Understanding Transfer Price
A transfer price arises for accounting purposes when different divisions of a multi-entity company are in charge of their own profits. When divisions are required to transact with each other, a transfer price is used to determine costs. Transfer prices generally do not differ much from the market price. If the price does differ, then one of the entities is at a disadvantage and would ultimately start buying from the market to get a better price.
Regulations on transfer pricing ensure the fairness and accuracy of transfer pricing among related entities. Regulations enforce an arm’s length transaction rule that states that companies must establish pricing based on similar transactions done between unrelated parties.
Transfer Pricing Documentation
Transfer pricing is closely monitored within a company’s financial reporting and requires strict documentation that is included in financial reporting documents for auditors and regulators. This documentation is closely scrutinized. If inappropriately documented, it can lead to added expenses for the company in the form of added taxation or restatement fees. These prices are closely checked for accuracy to ensure that profits are booked appropriately within arm's length pricing methods and associated taxes are paid accordingly.
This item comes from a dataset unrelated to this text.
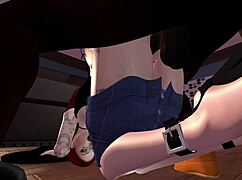 Black man in Second Life bangs redhead white woman on chair with monster cock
Transfer prices are most often used when companies sell goods to divisions in other international jurisdictions. This type of transfer pricing is common, and a large part of intentional commerce is actually done within companies as opposed to between unrelated companies.
Transfer Pricing Taxes
Transfer pricing can also refer to regulations that governments and tax authorities use for regulating intercompany transfers. Intercompany transfers done internationally have tax advantages, which has led regulatory authorities to frown upon using transfer pricing for tax avoidance. When transfer pricing occurs, companies can book profits of goods and services in a different country that may have a lower tax rate. In some cases, the transfer of goods and services from one country to another within an interrelated company transaction can allow a company to avoid tariffs on goods and services exchanged internationally. The international tax laws are regulated by the Organisation for Economic Cooperation and Development (OECD), and auditing firms within each international location audit financial statements accordingly.
Example of Transfer Pricing
To better understand the concept of transfer pricing, consider a U.S.-based technology company that offers a unique and patented cloud computing service and to clients across the globe. It has an overseas office in the low-tax Cayman Islands. A client in the Bahamas accesses the company’s cloud service from his office in the Bahamas and is being served by Cayman Islands-based cloud servers. Should this activity, and its associated economic value, be accounted for in Bahamas (client location), or in Cayman Islands (serving location), or in the U.S. (company headquarters)?
Much of the actual value in global activity lies in the intellectual property (IP) that makes the service possible. Since a lot of ambiguity continues to exist around where and how much to account for such IP value, companies attempt to shift a major part of such economic activity to low-cost destinations to save on taxes. This practice continues to be a major point of discord between the various multinational companies and the tax authorities like the Internal Revenue Service (IRS).